• INSTRUCTIONS TO FOLLOW
Up to and including the line bearing "POVPREČJE :: GradiÅ¡te", output every line of the entries exactly as written, starting from the first; pictures stay out.

* * * * * * * * *

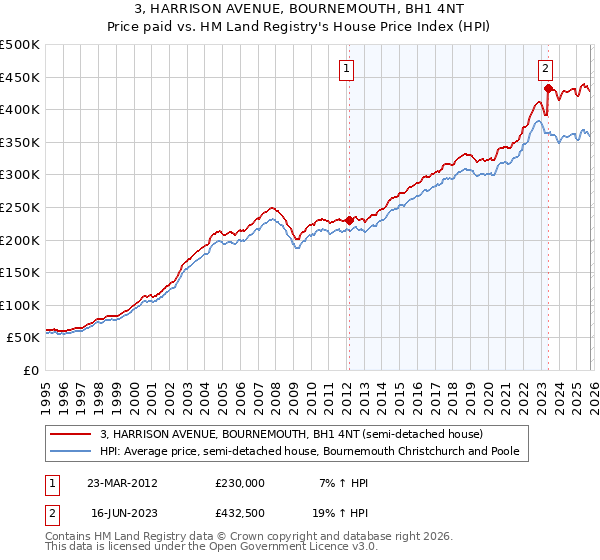 3, HARRISON AVENUE, BOURNEMOUTH, BH1 4NT: Price paid vs HM Land Registry's House Price Index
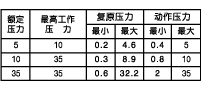 HED40P15B/100Z14S   HED40P15B/50Z14L220S   ʽ^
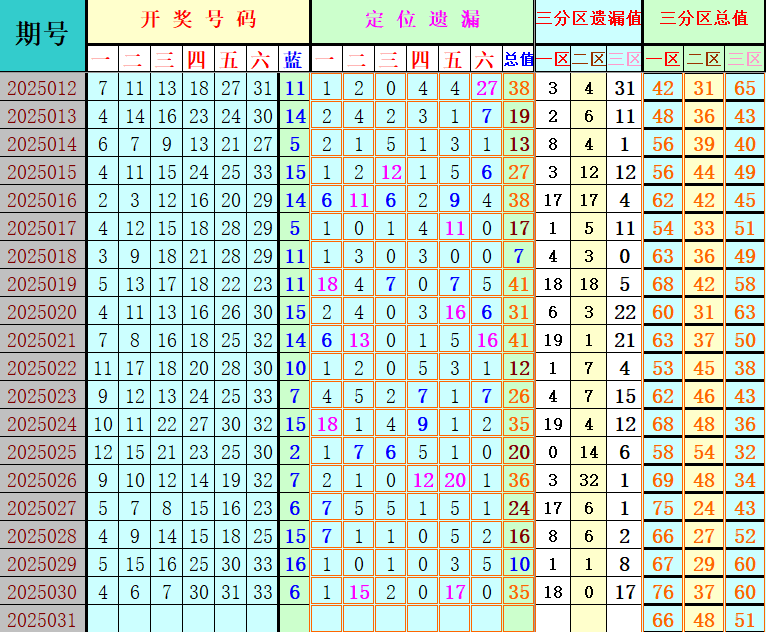 附件: 2985298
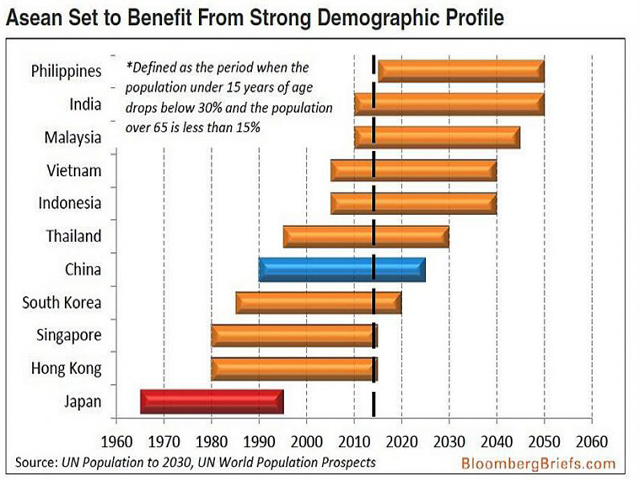 ASEAN Demographics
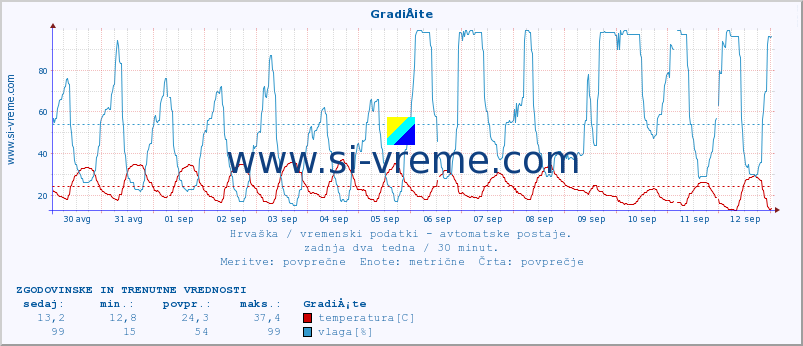 POVPREČJE :: GradiÅ¡te :: temperatura | vlaga | hitrost vetra | tlak :: zadnja dva tedna / 30 minut.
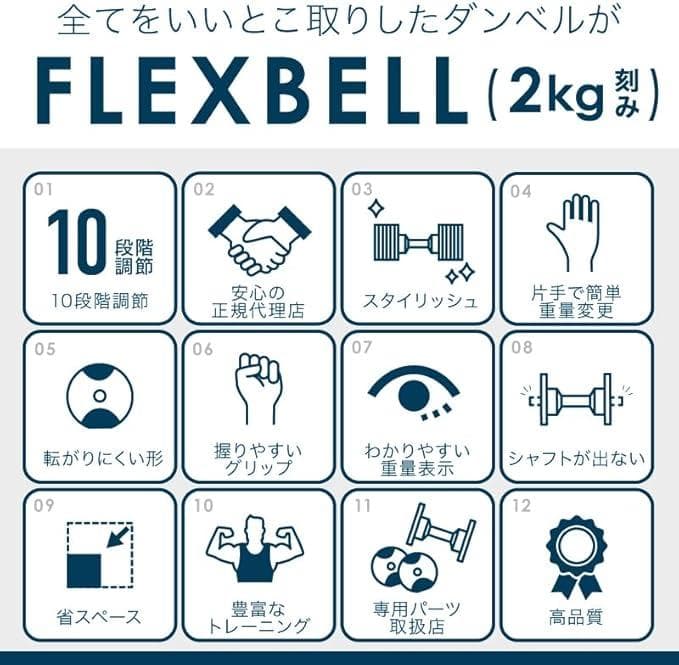 ①フレックスベル 20kg ダンベル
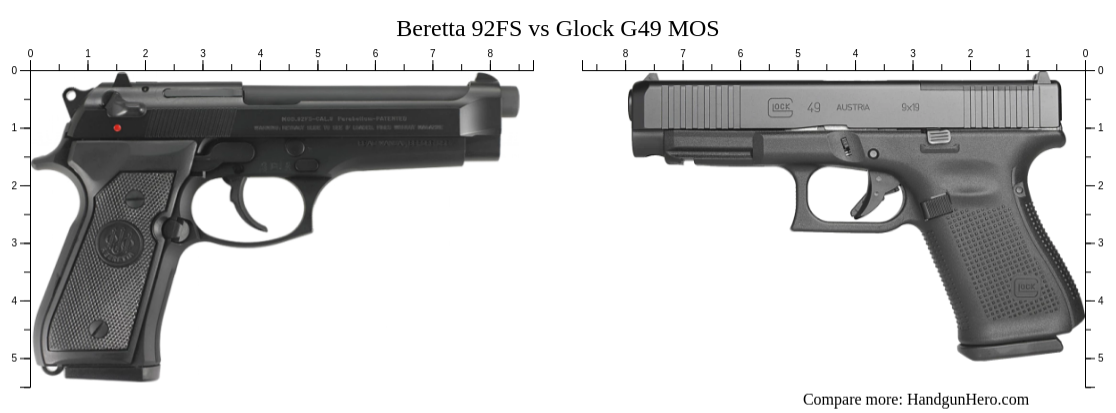 Beretta 92FS vs Glock G49 MOS size comparison | Handgun Hero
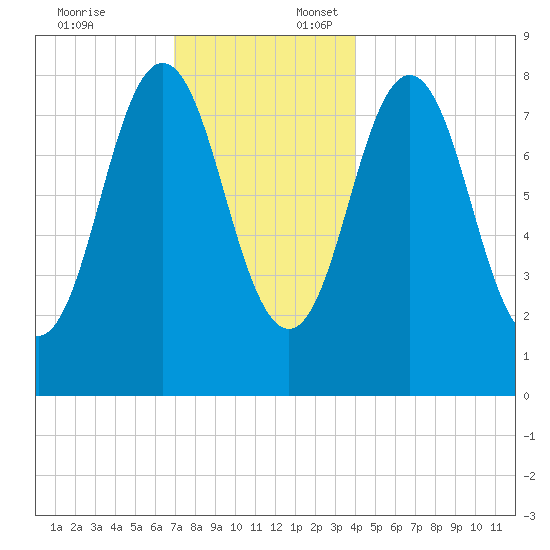 Howard Point, New Meadows River tide chart for Thursday, December 7, 2023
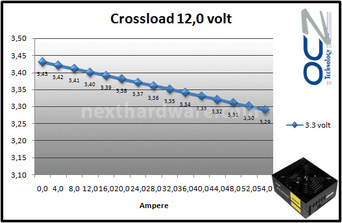 OCZ ZT 650W 9. Test: crossloading 8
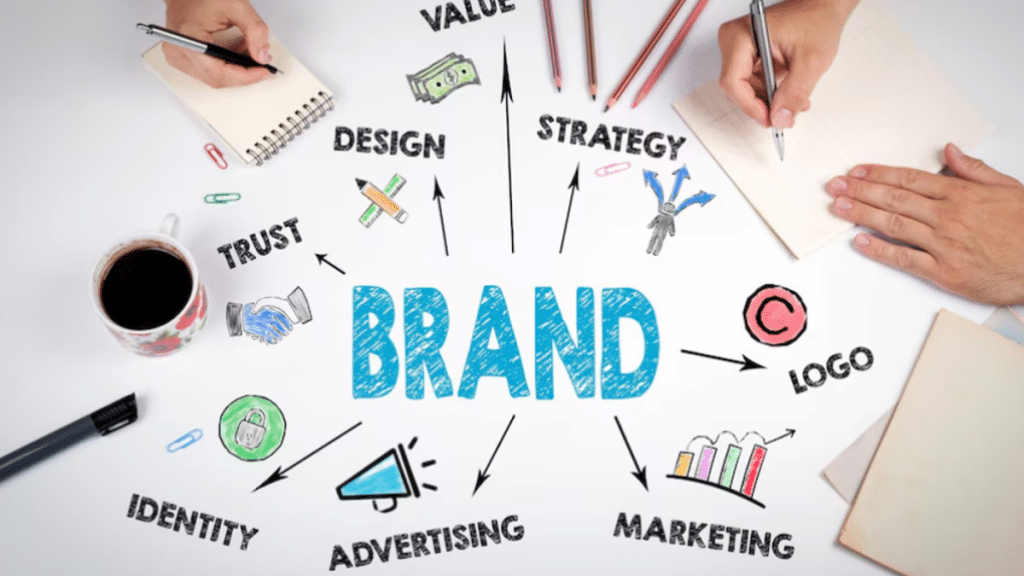 The Essential Guide to Brand Design Services Building a Powerful Brand Identity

* * * * * * * * *

• EXERCISE SOLUTION
 3, HARRISON AVENUE, BOURNEMOUTH, BH1 4NT: Price paid vs HM Land Registry's House Price Index
 HED40P15B/100Z14S   HED40P15B/50Z14L220S   ʽ^
 附件: 2985298
 ASEAN Demographics
 POVPREČJE :: GradiÅ¡te :: temperatura | vlaga | hitrost vetra | tlak :: zadnja dva tedna / 30 minut.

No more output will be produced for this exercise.